September – “By this time the vines are well on their way toward harvest. We should be seeing color change in the grapes and sugar development. In cooler years this would be a time to apply Valerian or even more BD501 to try to accelerate color change and the process of ripening. This is when we prepare and start the composting of the BD 500.”
October – “This month is devoted to harvest and winemaking.”
November – “We begin building our compost piles using a mix of pressed grape skins, collected leaves, straw and other plant materials and manure from our neighbors’ animals. Once the piles are built, we monitor the internal temperature to ensure they aren’t getting too hot and killing off the beneficial organisms.
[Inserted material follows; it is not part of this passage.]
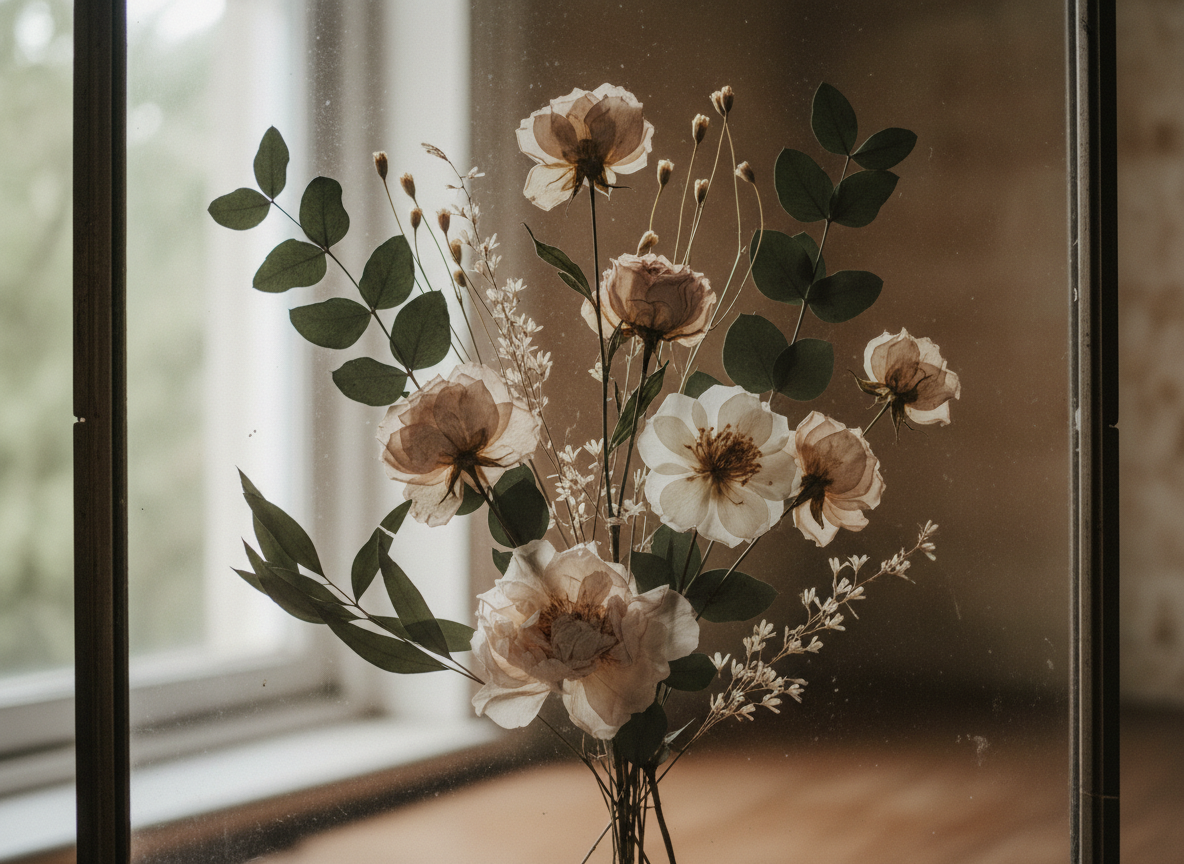An elegant, romantic close-up of a preserved wedding bouquet — dried and pressed roses, peonies, and eucalyptus arranged delicately in soft natural light.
Turning is necessary to bring in air and cool off the piles. At this time, there is also a last flush of root activity when root hairs grow, and the vines are storing nutrients for the following spring. This is when we do our fall soil spray of BD 500. This is also the time we apply the previous years’ compost to the vineyards.”
December – “Once the compost piles have slowed down their initial burst of activity, we add the BD preparations 502 through 507 to the piles as “starter” substances to help in the production of the various nutritional components needed for healthy vine growth.”
“I think the biggest difference in farming with biodynamic practices is that we train our observation skills to be highly attuned to all aspects of the vines physical character, i.e. color, gesture, growth, general physical posture. We taste different parts of the plant to determine the ‘quality’ of the growth. Our own senses are our best tools once they are refined for the task,” Marchesi said.
Ultimately biodynamic agriculture will benefit the land, the crop, and for vineyards, the wine, all with the added benefit of taking care of Mother Earth.
“Biodynamic farming is a very proactive, very deliberate activity in which you engage in additional action to bring life and health to your farm. Vineyards grown with biodynamic practices tend to have less variation in wine character than chemically grown, irrigated vines. With deeper roots and balanced growth, they are somewhat more resistant to the extremes in weather. Biodynamic vines do, however, tend to express more of the place they are grown as opposed to a vintage.”